I have stuck to pretty easy tropes for a lot of this piece. I want to present now a slice of the complexity that most of us live in. I won’t present any answers, but rather I invite you to consider all you have read thus far, and simply appreciate what we are all up against in the spaces where love and money overlap. It is my hope this will invite you also into compassion for yourself and all of your partners and friends.

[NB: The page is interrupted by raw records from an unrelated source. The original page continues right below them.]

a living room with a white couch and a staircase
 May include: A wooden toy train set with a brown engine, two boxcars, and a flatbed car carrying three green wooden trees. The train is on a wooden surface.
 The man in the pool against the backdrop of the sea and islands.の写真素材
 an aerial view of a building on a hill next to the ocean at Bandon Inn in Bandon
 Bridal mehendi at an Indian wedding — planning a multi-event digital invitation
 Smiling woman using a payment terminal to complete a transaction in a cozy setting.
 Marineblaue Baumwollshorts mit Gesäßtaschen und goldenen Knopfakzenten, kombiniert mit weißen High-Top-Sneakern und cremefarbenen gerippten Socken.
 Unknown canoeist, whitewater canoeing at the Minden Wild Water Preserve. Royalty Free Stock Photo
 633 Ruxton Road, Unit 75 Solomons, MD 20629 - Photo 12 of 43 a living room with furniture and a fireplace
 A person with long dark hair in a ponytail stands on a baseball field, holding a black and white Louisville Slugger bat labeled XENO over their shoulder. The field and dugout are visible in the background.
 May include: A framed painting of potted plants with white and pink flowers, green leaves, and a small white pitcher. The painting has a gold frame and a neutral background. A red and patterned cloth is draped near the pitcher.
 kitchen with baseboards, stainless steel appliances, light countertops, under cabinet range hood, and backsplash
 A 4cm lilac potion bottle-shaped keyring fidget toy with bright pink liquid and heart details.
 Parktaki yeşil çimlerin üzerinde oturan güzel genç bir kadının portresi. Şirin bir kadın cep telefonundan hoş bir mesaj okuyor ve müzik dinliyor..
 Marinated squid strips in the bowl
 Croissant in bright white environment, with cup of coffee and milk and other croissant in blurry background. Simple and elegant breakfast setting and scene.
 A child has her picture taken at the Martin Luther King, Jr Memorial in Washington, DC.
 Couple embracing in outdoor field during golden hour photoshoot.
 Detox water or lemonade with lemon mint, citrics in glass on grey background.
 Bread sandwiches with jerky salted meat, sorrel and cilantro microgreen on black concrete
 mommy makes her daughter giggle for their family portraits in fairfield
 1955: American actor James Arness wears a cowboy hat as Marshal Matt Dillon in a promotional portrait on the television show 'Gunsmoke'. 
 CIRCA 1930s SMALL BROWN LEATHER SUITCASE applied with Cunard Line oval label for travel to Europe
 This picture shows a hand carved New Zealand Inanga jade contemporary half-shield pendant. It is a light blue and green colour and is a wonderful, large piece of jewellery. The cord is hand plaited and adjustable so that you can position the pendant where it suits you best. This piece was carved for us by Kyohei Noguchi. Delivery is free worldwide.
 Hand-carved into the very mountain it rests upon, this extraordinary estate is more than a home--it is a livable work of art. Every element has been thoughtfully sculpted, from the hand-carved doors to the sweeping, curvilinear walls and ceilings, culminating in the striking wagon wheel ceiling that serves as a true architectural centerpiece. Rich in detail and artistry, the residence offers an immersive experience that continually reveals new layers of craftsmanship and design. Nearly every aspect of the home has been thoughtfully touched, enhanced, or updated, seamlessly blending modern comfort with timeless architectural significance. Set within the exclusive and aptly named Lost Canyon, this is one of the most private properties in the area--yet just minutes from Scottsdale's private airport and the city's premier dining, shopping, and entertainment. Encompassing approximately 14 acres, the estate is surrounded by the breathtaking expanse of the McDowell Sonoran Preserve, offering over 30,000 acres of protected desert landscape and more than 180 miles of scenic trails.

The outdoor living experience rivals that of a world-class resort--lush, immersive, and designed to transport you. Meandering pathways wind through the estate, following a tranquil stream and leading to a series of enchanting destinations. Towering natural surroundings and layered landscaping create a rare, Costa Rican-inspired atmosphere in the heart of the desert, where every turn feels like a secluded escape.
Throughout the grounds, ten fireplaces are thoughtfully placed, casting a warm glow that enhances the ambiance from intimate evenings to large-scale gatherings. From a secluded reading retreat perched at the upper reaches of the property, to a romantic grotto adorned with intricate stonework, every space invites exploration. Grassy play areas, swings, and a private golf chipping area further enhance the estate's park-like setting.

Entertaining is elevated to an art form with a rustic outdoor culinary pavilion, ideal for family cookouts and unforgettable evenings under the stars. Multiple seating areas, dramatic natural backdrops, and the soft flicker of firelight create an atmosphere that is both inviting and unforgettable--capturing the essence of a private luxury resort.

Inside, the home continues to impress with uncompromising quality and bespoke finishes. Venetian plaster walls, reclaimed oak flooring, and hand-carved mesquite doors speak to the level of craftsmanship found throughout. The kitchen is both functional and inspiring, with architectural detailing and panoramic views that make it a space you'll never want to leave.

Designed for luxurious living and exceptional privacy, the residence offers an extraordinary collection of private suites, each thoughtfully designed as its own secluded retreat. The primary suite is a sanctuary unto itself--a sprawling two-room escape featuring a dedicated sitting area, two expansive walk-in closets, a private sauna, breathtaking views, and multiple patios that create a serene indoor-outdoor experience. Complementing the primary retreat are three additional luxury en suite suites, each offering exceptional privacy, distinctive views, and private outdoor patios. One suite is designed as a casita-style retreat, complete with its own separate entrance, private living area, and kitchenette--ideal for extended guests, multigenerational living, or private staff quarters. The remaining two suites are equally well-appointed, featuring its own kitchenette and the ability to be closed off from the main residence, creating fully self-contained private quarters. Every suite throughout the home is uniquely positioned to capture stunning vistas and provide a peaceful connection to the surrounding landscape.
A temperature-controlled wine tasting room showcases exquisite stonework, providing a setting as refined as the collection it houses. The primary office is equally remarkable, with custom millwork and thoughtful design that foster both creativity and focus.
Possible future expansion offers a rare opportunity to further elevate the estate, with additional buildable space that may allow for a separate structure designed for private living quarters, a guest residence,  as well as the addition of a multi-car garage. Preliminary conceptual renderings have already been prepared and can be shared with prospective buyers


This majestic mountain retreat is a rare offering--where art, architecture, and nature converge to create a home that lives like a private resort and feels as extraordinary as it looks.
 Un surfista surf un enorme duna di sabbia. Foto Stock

Let’s imagine Joon grew up very wealthy but his father lost all of his money when Joon was 15, forcing Joon to work harder than ever before to get to the education he was taught was not only essential for success, but also his birthright. Joon gets a job during college at a café, where he meets Mya, a trans girl artist from a very poor back ground. Joon and Mya fall in love, get married, blah, blah. Then in their 30’s Mya’s art explodes and she is wealthy beyond her wildest dreams. All of a sudden, Joon needs to quit his job to stay home with their two kids, while Mya alternately flies all over the world and locks herself in her studio. What if Mya’s poverty mindset causes her to both over-consume on luxuries and sabotage success, causing a reliving of Joon’s experience of devastating loss? What is Joon feels emasculated and begins having an affair with the maid? What if Mya re-creates through wealth the abandonment her parents were forced by poverty to enact upon her? These and dozens of other hardships are possible. But, of course there remains their capacity to build each other up, to support each other with difficult conversations that can lead them both to better self-understanding. But it will not be easy.